EL PASO, Texas (KVIA) -- Governor Greg Abbott recently signed House Bill 3660 into law, protecting those who trap, neuter or spay, and release feral cats back into the wild from animal abandonment charges.
Cats that have been fixed by TNR (trap, neuter, return) programs are easily recognizable, as the top part of one of their ears have been clipped off.
According to the Texas Tribune, some animal conservancy organizations, such as the American Bird Conservancy, say releasing feral cats hurts the bird population.
However, Terry Poulos, president of El Paso TNR, says this type of program is simply the best way to keep the feral cat population under control.
“One unaltered female over five years, with all of her litters, can produce over 20,000 cats," said Poulos.

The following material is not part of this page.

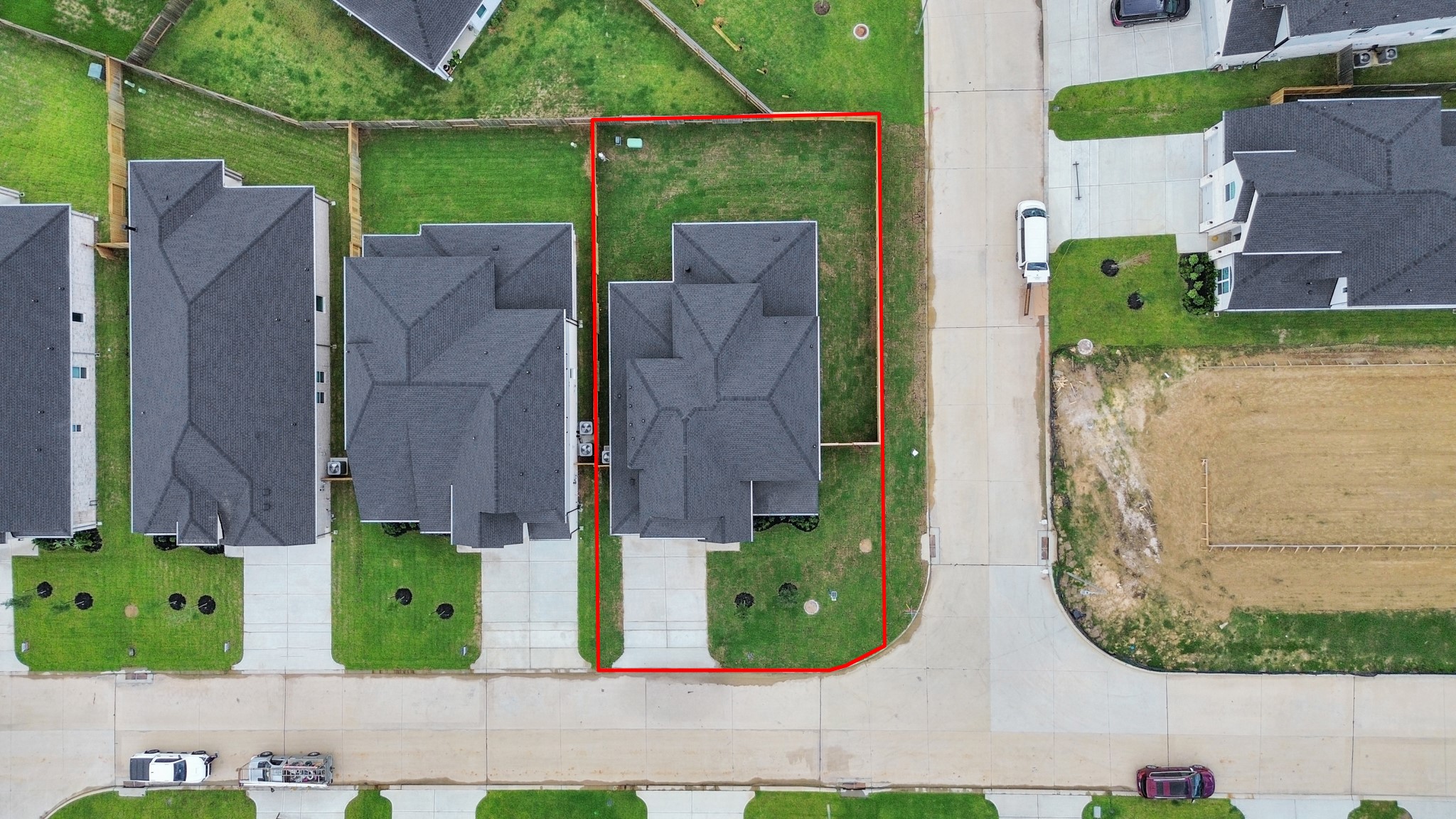 3034 Native Spring Drive Property Photo 5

"The numbers are exponential, so we are all very very dedicated, very well educated, and understand the importance of TNR," she adds.
She also says there is a huge difference between simply releasing a stray cat back into the wild, versus fixing it and putting it back where it was found.
“If they’re trapping them and releasing them somewhere else, that’s a felony, and that’s a death sentence for that cat, because its instinct is to make it back to its home," said Poulos.
"In the process, that cat is not fixed, so it’s just going to reproduce. The issue is not solved," she adds.
Poulos told ABC-7 that volunteers are always needed at El Paso TNR, and encourages everyone to become informed about the TNR program in order to help the stray population in their community.